3. Beginning-of-pipe regulation, such as mandated use of best technology. This solution was preferred to end of pipe regulations because it is much cheaper to prevent pollution in the first place than to deal with it later.
4. International treaties, like the Montreal Protocol and the Kyoto Protocol.
5. Economic instruments, like carbon taxes and emission permit trading.
The results of these solution efforts and millions more like them look like this:
This is conclusive proof all five generations of solutions have failed.

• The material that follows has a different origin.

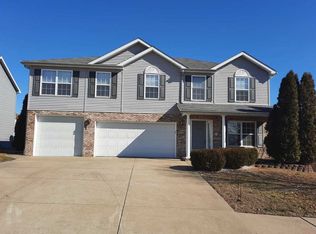 19139 Southampton Dr, Evansville, IN 47725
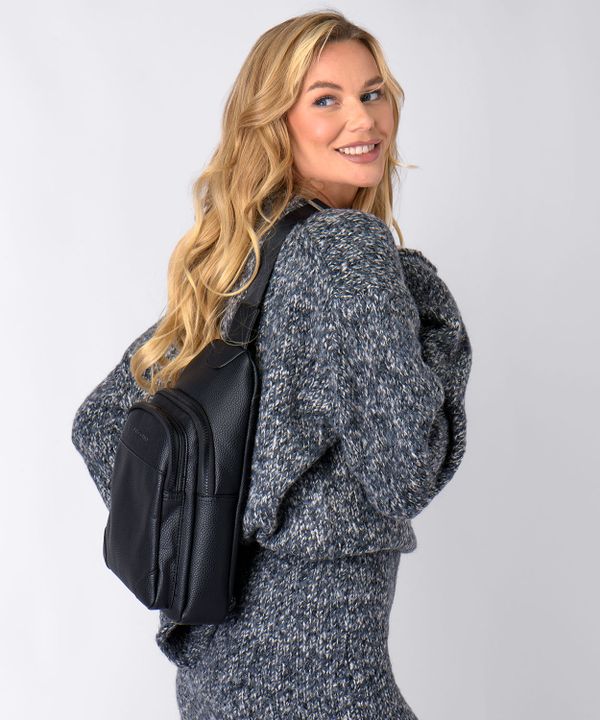 Plecak na jedno ramię ze skóry ekologicznej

The footprint marches steadily upward, as unstoppable as a runaway elephant. (For a lively discussion of the intermediate causes of the above five generations of solutions and why they all failed, see this section.)

Above is Walt Kelly's famous "We have met the enemy and he is us" Pogo cartoon for his 1971 Earth Day poster. The cartoon was based on another Earth Day poster from the year before:
It's also proof the strategy behind the five generations of solutions is flawed. Something in the approach to building those solutions is wrong. But environmentalists are unable to self-correct, because they are trapped inside their own paradigm. They cannot see the world, and thus other approaches to solutions, any other way. This compounds the difficulty of the problem all the more.
We live in a world chock full of sophisticated methods to solve problems, as shown by the never ending stream of incredible new products and services churned out by industry and backed by the work of scientists.
Given these factors, we conclude that what makes the sustainability problem difficult is not so much the problem itself, but the way problem solvers have been looking at it. The real enemy is not the problem, but our way of looking at how to solve it. That's the deeper message of Walt Kelly's famous Pogo cartoon: "We have met the enemy and he is us."